Aquí ya no existe camino trazado. Se trata de subir y subir, ganar metros, a veces algo complicados. Miro el reloj y veo las dos de la tarde. Llevamos casi nueve horas y aún nos queda, por lo menos, una más. En los pasos complicados me aconsejan los tres puntos de apoyo. Hago caso y me encuentro más seguro.

Nos empieza a faltar el aire. Por lo menos a mi me lo parece. Son las tres de la tarde cuando ya no queda nada más que subir. Estamos en la cumbre. Es indescriptible este momento. Nos miramos, nos abrazamos, queremos descansar pero no encontramos el sitio. A nuestro alrededor se extiende un mundo que parece irreal. Enfrente una pirámide que me dicen es Monte Perdido.

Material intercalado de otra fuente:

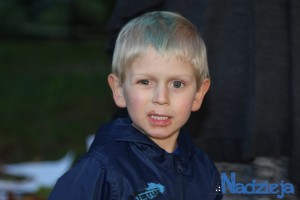 2016-09-27-wt-fot-p-stefanski-273-kopiowanie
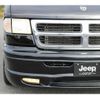 dodge ram 2000 -CHRYSLER--Dodge Ram ﾌﾒｲ--YK164372---CHRYSLER--Dodge Ram ﾌﾒｲ--YK164372- image 22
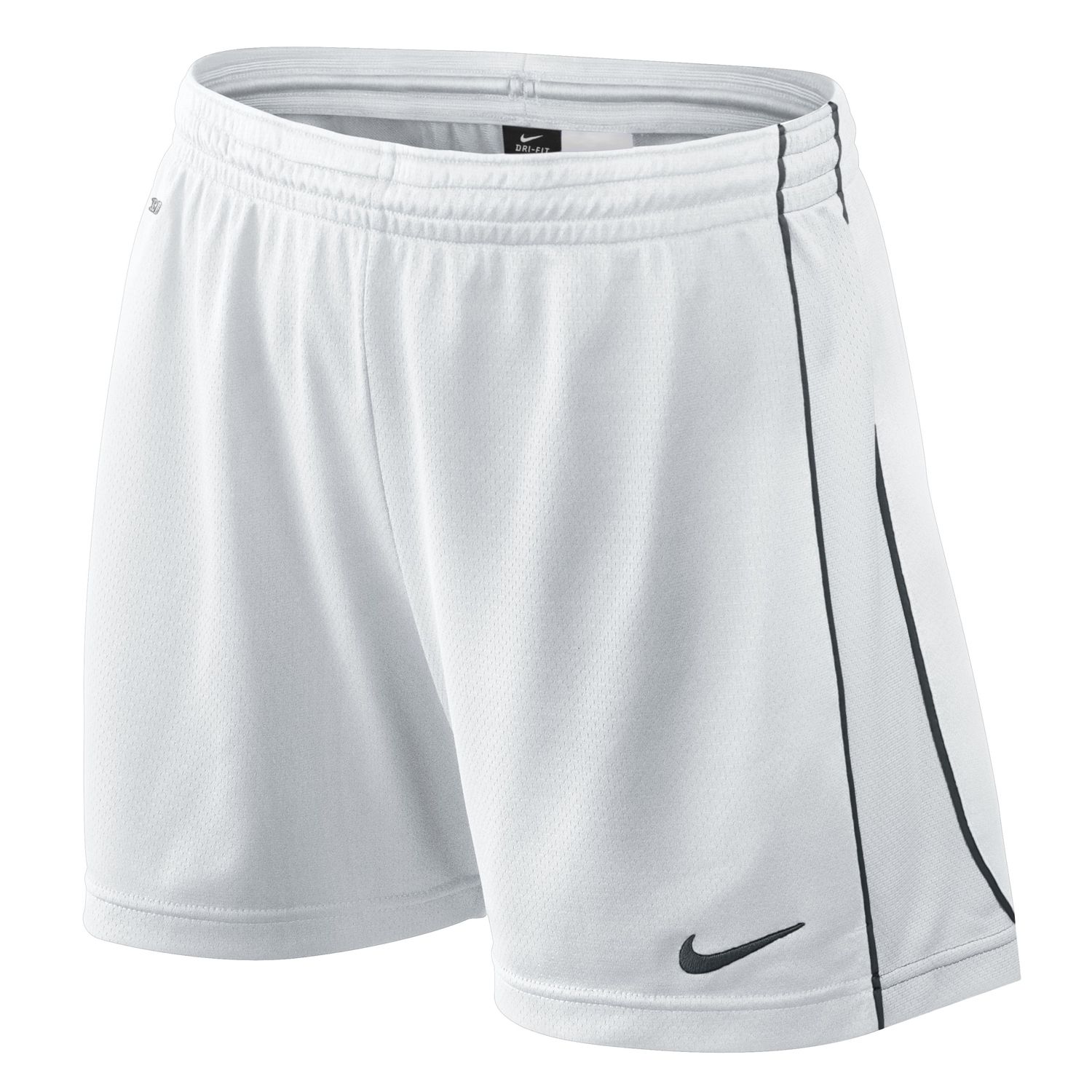 kohls nike dri fit shorts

Me guardo unos segundos para pensar en los que hoy lo han subido tras una fría noche pasada en "Villalatas".

En la lejanía los macizos de Posets y Aneto y mil cumbres más cuyos nombres desconozco. Desde su posición parecen desafiarnos con su altura. Yo recojo el reto. Pienso, en esos momentos, subirlas todas, mientras las fuerzas duren y Dios quiera.

No recuerdo el tiempo pasado en la cima ni tampoco lo que hice. En La Munia empezó todo, donde ni tiempo tuve de comer algo porque me entregué a la montaña en una íntima relación. Me dí cuenta, de pronto, que empezaban a descender. Arriba quedaba mi promesa sellada con gotas de sudor y miedo. Sentimientos humanos que allá dejaba como testimonio ante una pasión que nacía.